Encontrei há alguns dias o antigo livro de receitas de minha mãe.
Um caderno fino, pouco mais de 80 folhas. No centro da capa em cartolina amarela lê-se: “Receitas doces e salgadas” em letra cursiva, caneta esferográfica verde, dando título e sentido ao volume.
Manchas de óleo e ovos davam à brochura não apenas o tom nostálgico da valsa de Francisco Alves, mas a dimensão de um souvenir de campo de batalha.
Não há indicação de data. Cavoucando a memória, imagino que tenha sido produzido no começo da década de 1980.
Posso imaginar a mãe no tédio de uma tarde solitária, talvez cansada da pequena bagunça das receitas que herdou de minha avó ou prospectou com amigas nos “lanches” das terças-feiras ou nos “suplementos femininos dos jornais”.
Um dia, resolveu passar as fórmulas a limpo.
Estão lá, anotadas com sua caligrafia rococó e sua prosódia doce e prática, em tutorial bem-humorado, uma centena de doces e salgados. Desde clássicos cujos nomes envelheceram mal a preparações mais elaboradas, incluindo a minha perdição terrena: torta de amendoim.

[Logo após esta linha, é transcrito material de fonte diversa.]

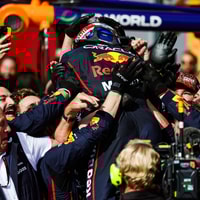 Verstappen viert de overwinning in Bakoe met zijn team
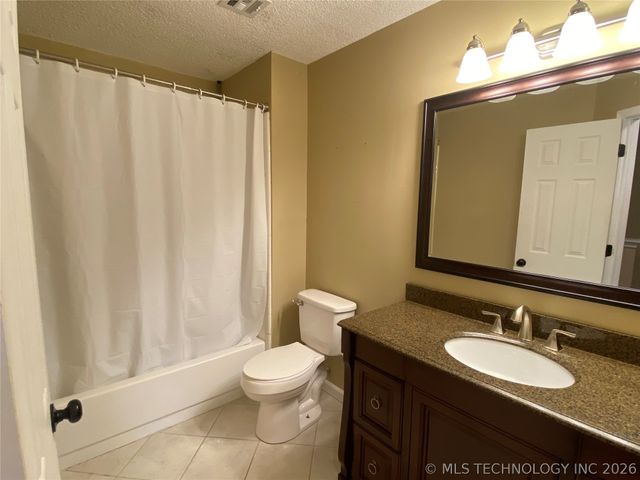 1619 S Fir Place, Broken Arrow, OK 74012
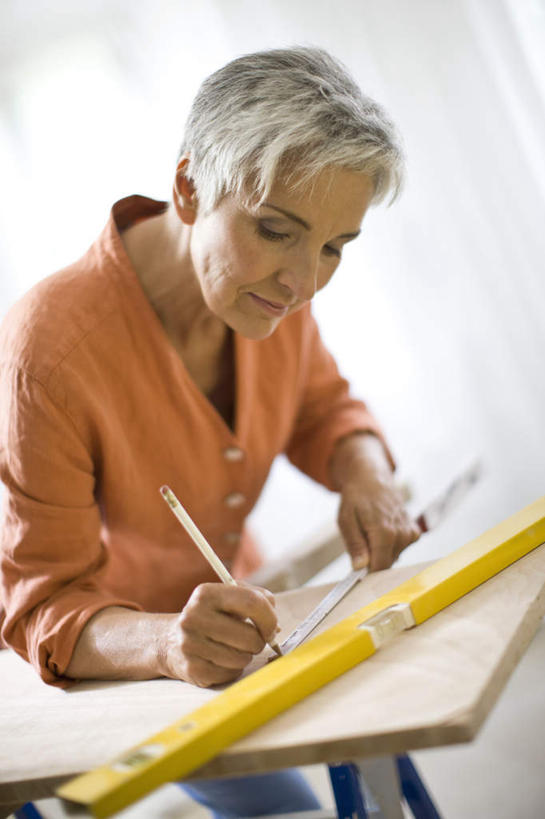 西方人,一个人,木匠,站,笑,微笑,竖图,室内,白天,正面,装修,桌面,建筑,欧洲,欧洲人,仅一个女性,仅一个人,握,写字,服装,测量,笔,木材,刻度,墙,办公用品,拿,拿着,注视,休闲装,装潢,标记,墙壁,墙面,木柴,文具,衣服,尺,铅笔,学习用品,观察,看,站着,仅一个中年女性,休闲,休闲服,橙色,垂直,握着,服饰,木料,观看,测量工具,水平仪,水平,文具用品,尺子,察看,关注,工作台,水平尺,水准仪,量具,量仪,水平仪器,女人,女性,中年女性,白种人,木工,站立,半身,彩图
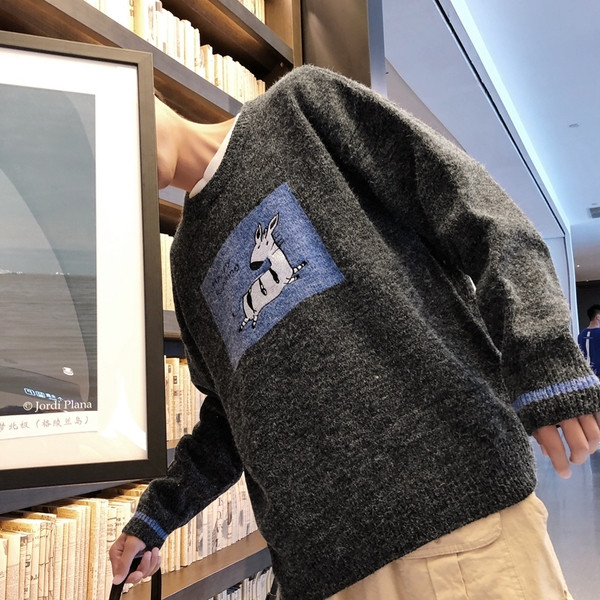 Modern, vastag férfi pulóver rátéttel, három színben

Minha mãe morreu há 12 anos na noite de uma segunda-feira banal como hoje.
Nos dolorosos dias seguintes, folhear o caderno foi minha forma de me comunicar com ela. Conversas no mais doce e perdido dos paraísos. De quando havia uma rede para salvar até o mais irresponsável dos acrobatas.
Com o passar dos dias, porém, o tempo atuou me afastando dos sentimentos untados naqueles textos. Logo, o caderno voltou à estante já que a memória funciona, muitas vezes, como uma mãe que tenta nos proteger das dores e dos medos.
Lembranças antigas tendem a ser substituídas por outras e assim nossas histórias vão sendo editadas. Pois é impossível não colocar uma mão de tinta a mais a favor daquelas que gostaríamos de ter vivido.
Este acalento é tão forte, e desta forma, tão maternal, que nos ilude a acreditar que sabemos das coisas como elas são e como elas foram.
Descartes chamava isso – essa ilusão cognitiva – de “música sagrada do nosso interior”. O golpe de voltar a folhear o caderno, anos depois, interrompeu a melodia.
Pôs-me à frente da ausência inapelável que a memória com seus truques tentara esconder. Eu entendi, no entanto, que não é por mal, as mães são assim mesmo. Passam a mão em nossas cabeças até que pare de doer.
Na volta pra casa, passei no armazém da esquina. Havia uma observação de que a preparação era “bem fácil” e só leva “bolacha champagne, amendoim torrado, creme de leite, conhaque e açúcar”.